Sementara itu, sejumlah besar mahasiswa, alumni dan tetangga berkumpul di tangga kampus di luar tenda, duduk untuk mendengarkan dan memberi tepuk tangan kepada berbagai pembicara dan bergabung dalam nyanyian pro-Palestina. Sekelompok mahasiswa yang memegang tanda dan kaos yang mendukung Israel dan orang-orang Yahudi berdemonstrasi di dekatnya.

Kerumunan terus bertambah seiring berlalunya malam karena semakin banyak petugas yang masuk ke kampus.

Kehadiran polisi dan peringatan terus-menerus berbeda dengan kejadian malam sebelumnya, ketika pengunjuk rasa tandingan menyerang perkemahan pro-Palestina, melemparkan kerucut lalu lintas, menyemprotkan semprotan merica, dan merobohkan penghalang. Pertempuran berlanjut selama beberapa jam sebelum polisi turun tangan, meski tidak ada penangkapan yang dilakukan. Setidaknya 15 pengunjuk rasa terluka dan tanggapan pemerintah yang tidak ramah memicu kritik dari para pemimpin politik, mahasiswa Muslim, dan kelompok advokasi.

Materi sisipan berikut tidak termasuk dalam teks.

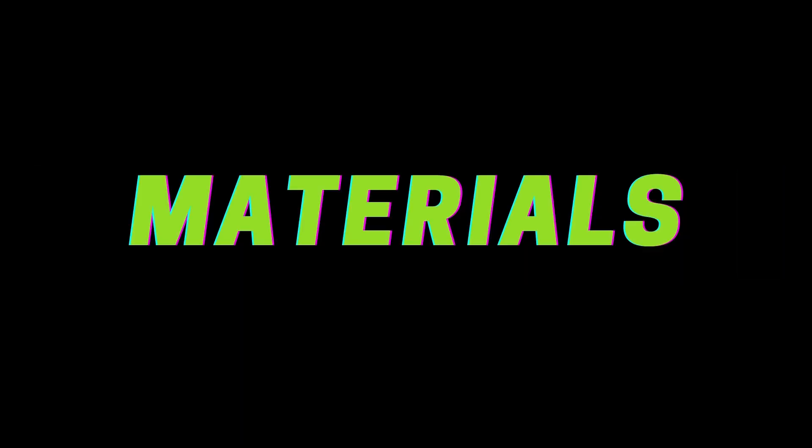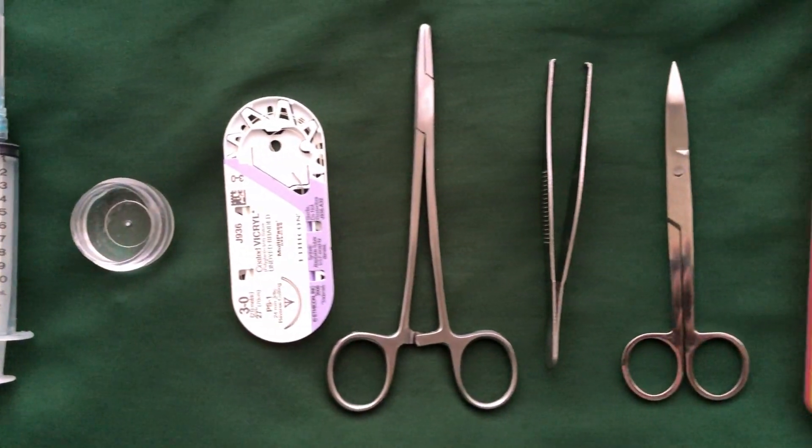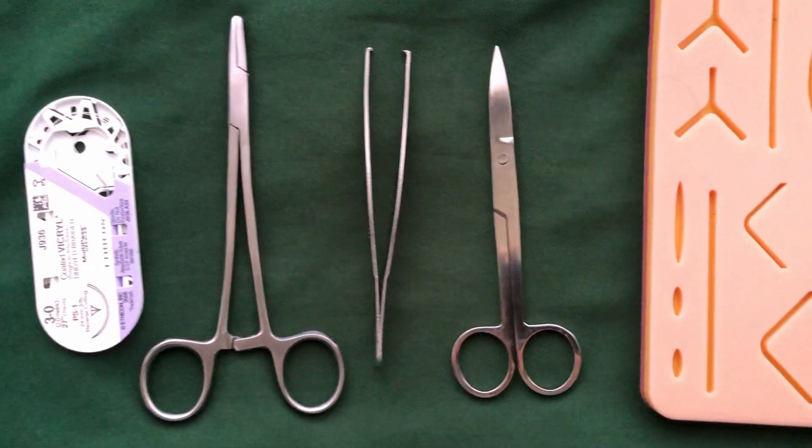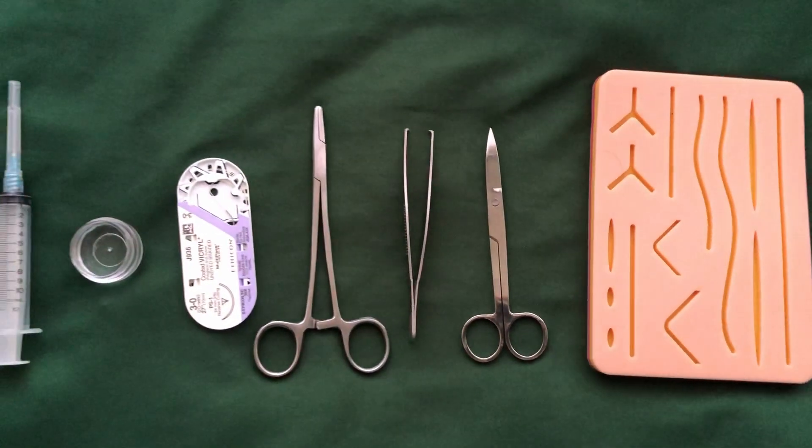For the materials, you will be needing a syringe, local anesthesia, sutures, needle holder, pickup forceps, surgical scissors, and a surgical pad or an alternative.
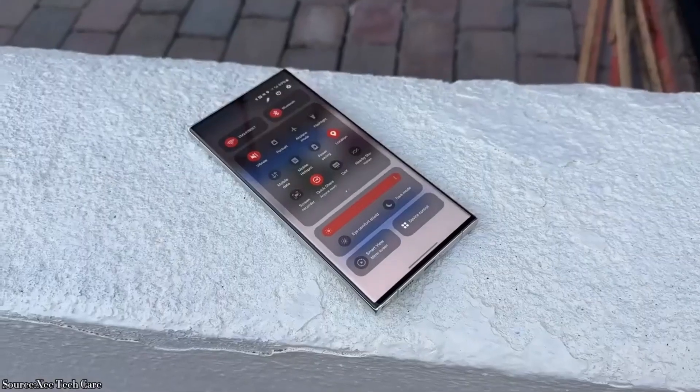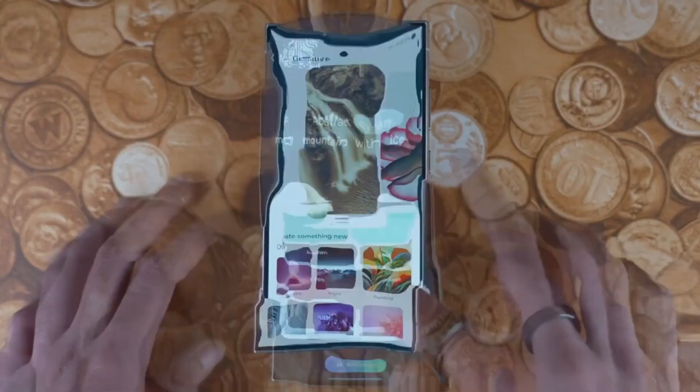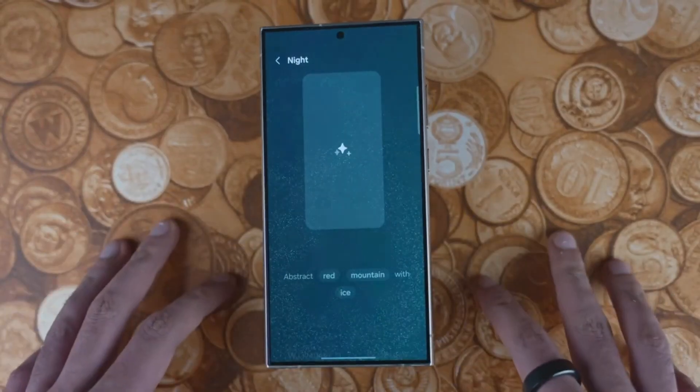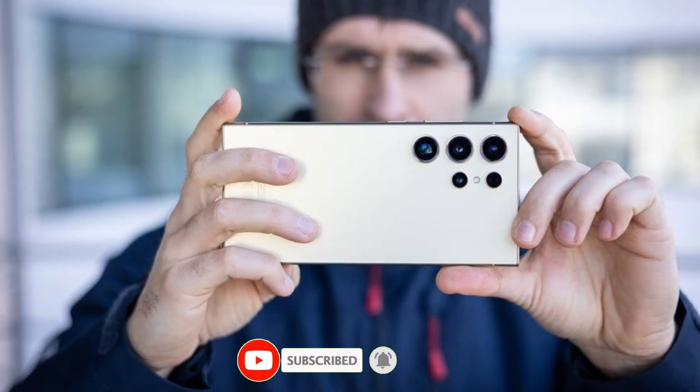What are your thoughts on these leaks? Are you excited about the Snapdragon 8 Gen 4, or were you hoping for more significant camera upgrades? Let us know in the comments below. Don't forget to like, subscribe, and hit the bell icon so you never miss an update.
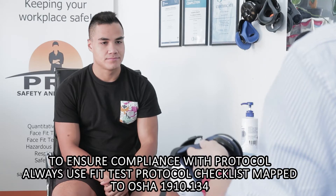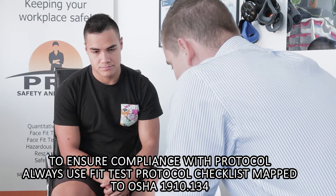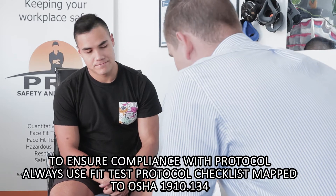Okay, so James, what we're going to be doing here today is we're going to be doing a fit test on this master's here, Sundstrom SO100. You've worn these before, haven't you? Yes. Excellent. So let's start off and get everything ready.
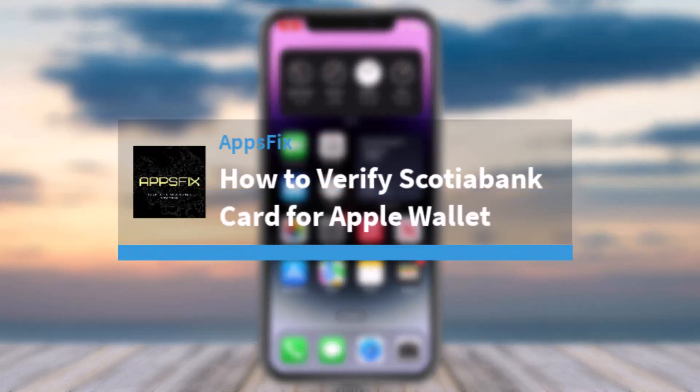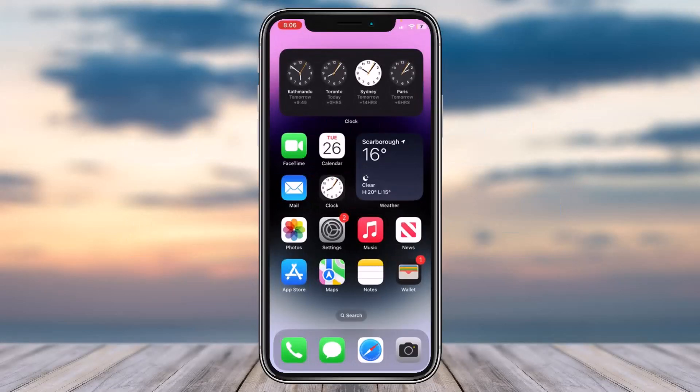How to verify your Scotiabank card for your Apple Wallet. Hey everyone, welcome back to another tutorial video. In today's video I'll show you how you can verify a Scotiabank credit card for Apple Wallet.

Ray Wiliani, yang tinggal di dekatnya, mengatakan dia datang ke UCLA pada Rabu malam untuk mendukung pengunjuk rasa pro-Palestina.

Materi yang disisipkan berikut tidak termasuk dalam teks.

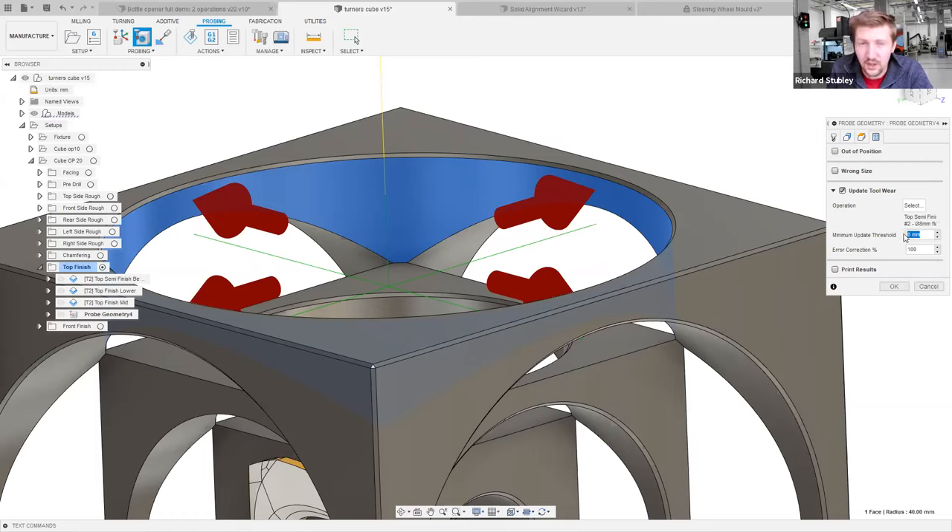We've also got a minimum update threshold. Probes and machines have tolerances — if you touch a point 50 times, there's going to be variation in the repeatability. You don't want to update for every single micron, so set something like 50 microns: unless the deviation is more than 50 microns, do not update tool wear. This stops the tool chasing tiny little variations. There's also an error correction setting — sometimes you only want to update 80% of the measured deviation rather than 100%.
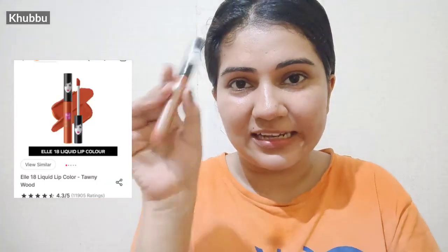My first purchase is the LA18 Liquid Lip Color in the shade B92 Townie Wood — I don't know if I pronounce it correctly, but let's go with that.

“Kita harus mengambil sikap untuk itu,” katanya. “Cukup sudah.”

Di tempat lain, polisi New Hampshire melakukan penangkapan dan membongkar tenda di Dartmouth College dan petugas Oregon memasuki kampus Universitas Negeri Portland ketika pejabat sekolah berusaha mengakhiri pendudukan perpustakaan yang dimulai Senin.

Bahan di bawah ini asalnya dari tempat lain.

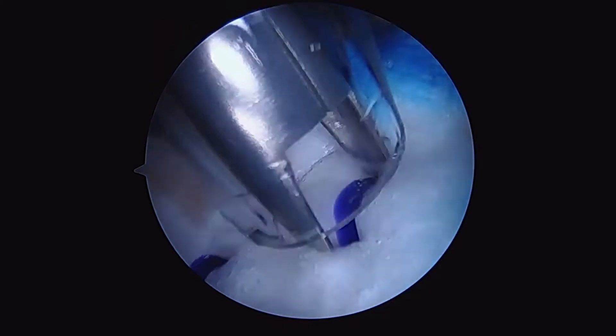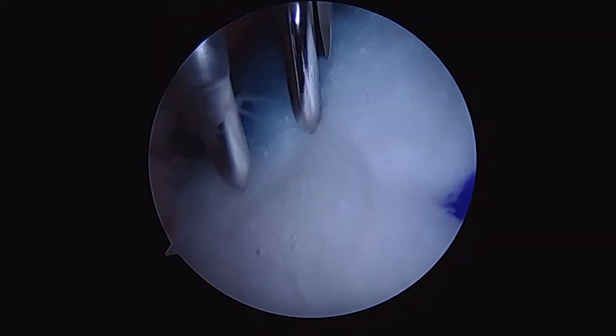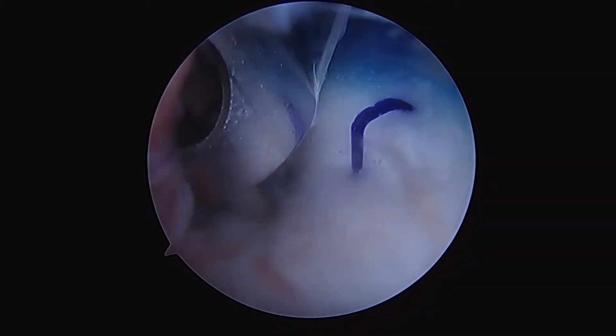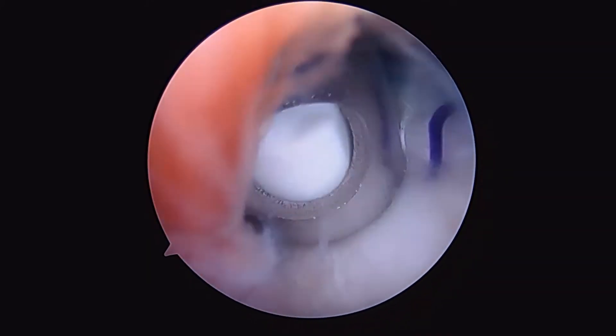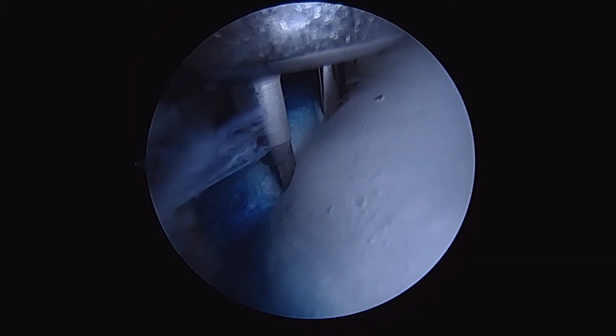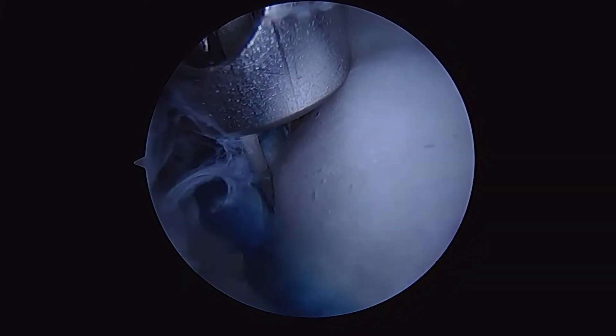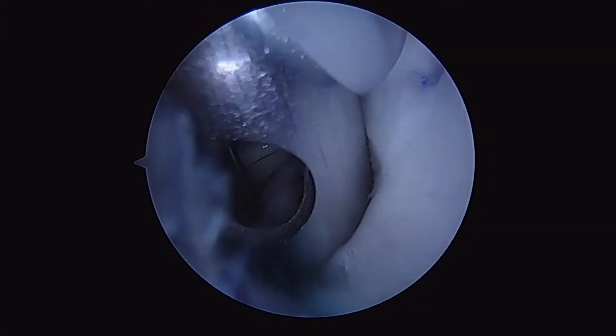Now that we've managed to secure the rotation angle that we like, we'll put our non-absorbable staples laterally. We're at an angle, so we're going to rotate the arm again to make sure we're optimizing our angle. We're also going to try and bring the graft around the edge at the lateral aspect of the humerus as far as we can to get good coverage of our footprint.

Kekacauan di UCLA terjadi hanya beberapa jam setelah polisi New York menggerebek sebuah gedung yang ditempati oleh pengunjuk rasa anti-perang di Universitas Columbia pada Selasa malam, membubarkan demonstrasi yang telah melumpuhkan sekolah tersebut.

Penghitungan Associated Press berjumlah setidaknya 38 kali sejak 18 April, ketika penangkapan dilakukan di protes kampus di seluruh Amerika Serikat. Lebih dari 1.600 orang ditangkap di 30 sekolah.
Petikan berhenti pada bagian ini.